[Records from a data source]

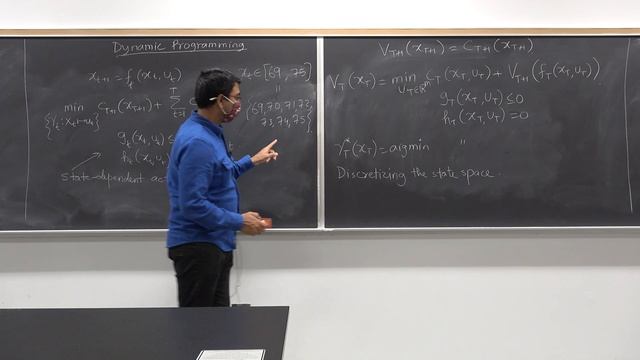 Lec 32: Dynamic Programming with Constraints & Approximate Dynamic Programming_State Discretization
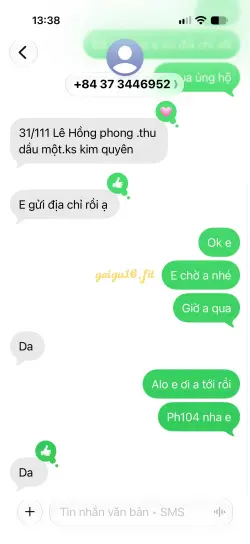 Ảnh đánh giá gái gọi
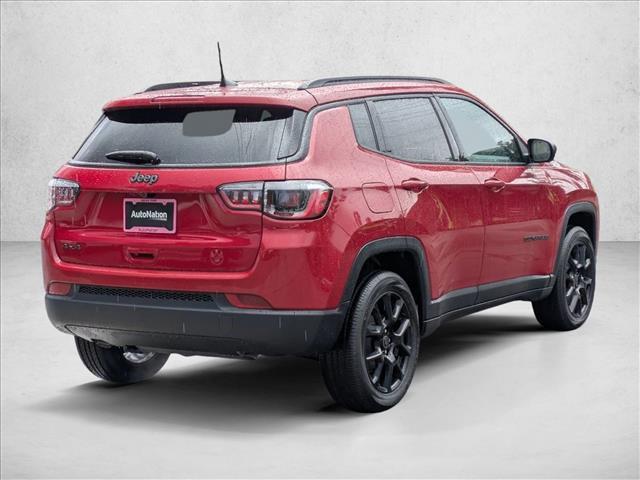 new 2026 Jeep Compass car, priced at $31,188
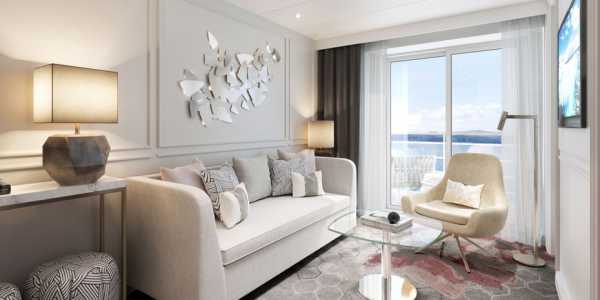 Crystal Symphony - Seabreeze Penthouse Suite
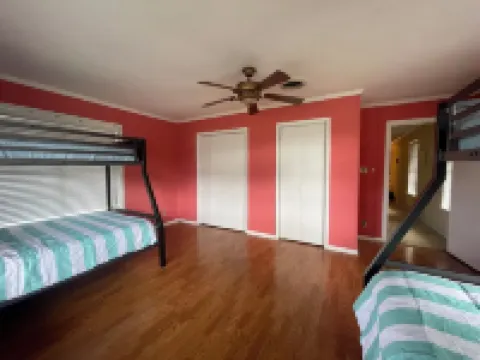 Bay Brick house near the beach and great saltwater fishing huge boat parking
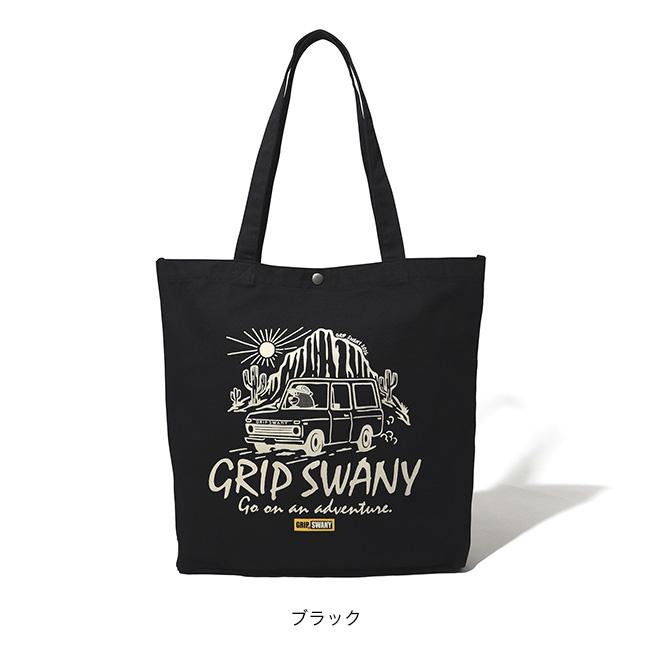 GRIP SWANY（グリップスワニー） ベアートートバッグ L GSUB-164 BEAR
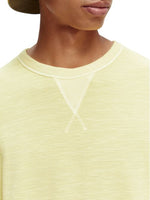 Load image into Gallery viewer, Scotch and Soda Garment Dyed Sweat - Daffodil
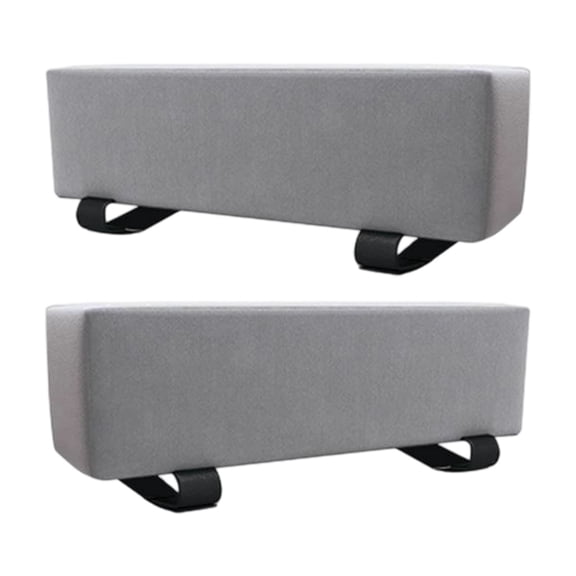 2. Multipurpose Armrest Pads With Soft Foam Padding Machine Washable Elbow Pillows For Home Recliners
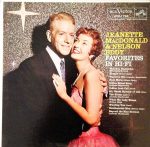 Jeanette MacDonald & Nelson Eddy – Favorites In Hi-Fi 3 Виниловая пластинка Jeanette MacDonald & Nelson Eddy – Favorites In Hi-Fi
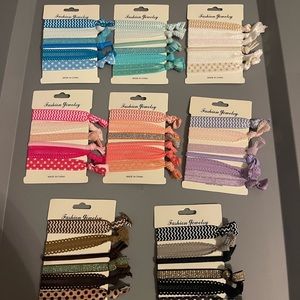 New hair ties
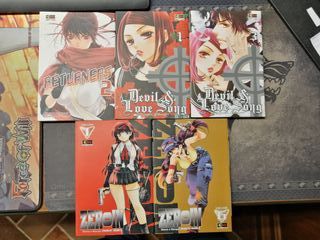 Lotto di Manga 006 (x Elisa)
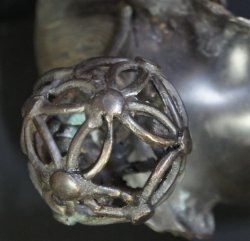 Koro Shishi 1900 bronze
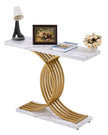 VEVOR Narrow Console Sofa Table Couch Table 39.4 in for Entryway & Living Room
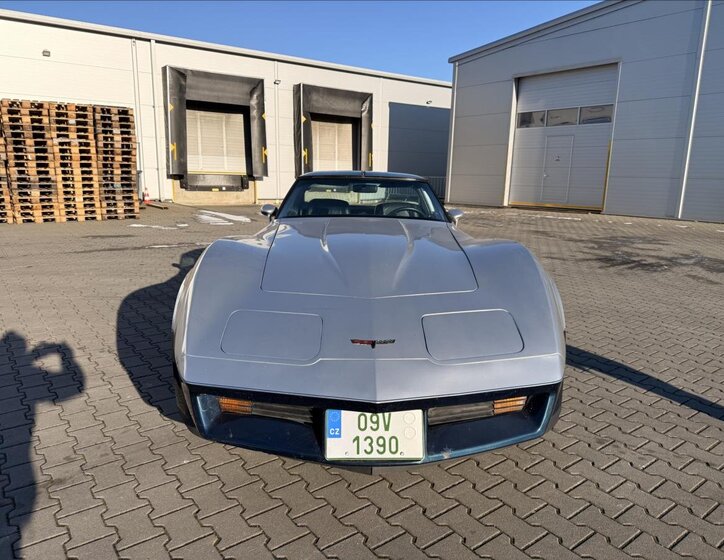 Chevrolet Corvette Kupé 5,7 l 169 kw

● Action item
From the line that contains "GRIP SWANY（グリップスワニー） ベアートートバッグ" through the last line of the entries, transcribe every line exactly, leaving out the pictures.

● Task output
 GRIP SWANY（グリップスワニー） ベアートートバッグ L GSUB-164 BEAR
 Load image into Gallery viewer, Scotch and Soda Garment Dyed Sweat - Daffodil
 2. Multipurpose Armrest Pads With Soft Foam Padding Machine Washable Elbow Pillows For Home Recliners
 Jeanette MacDonald & Nelson Eddy – Favorites In Hi-Fi 3 Виниловая пластинка Jeanette MacDonald & Nelson Eddy – Favorites In Hi-Fi
 New hair ties
 Lotto di Manga 006 (x Elisa)
 Koro Shishi 1900 bronze
 VEVOR Narrow Console Sofa Table Couch Table 39.4 in for Entryway & Living Room
 Chevrolet Corvette Kupé 5,7 l 169 kw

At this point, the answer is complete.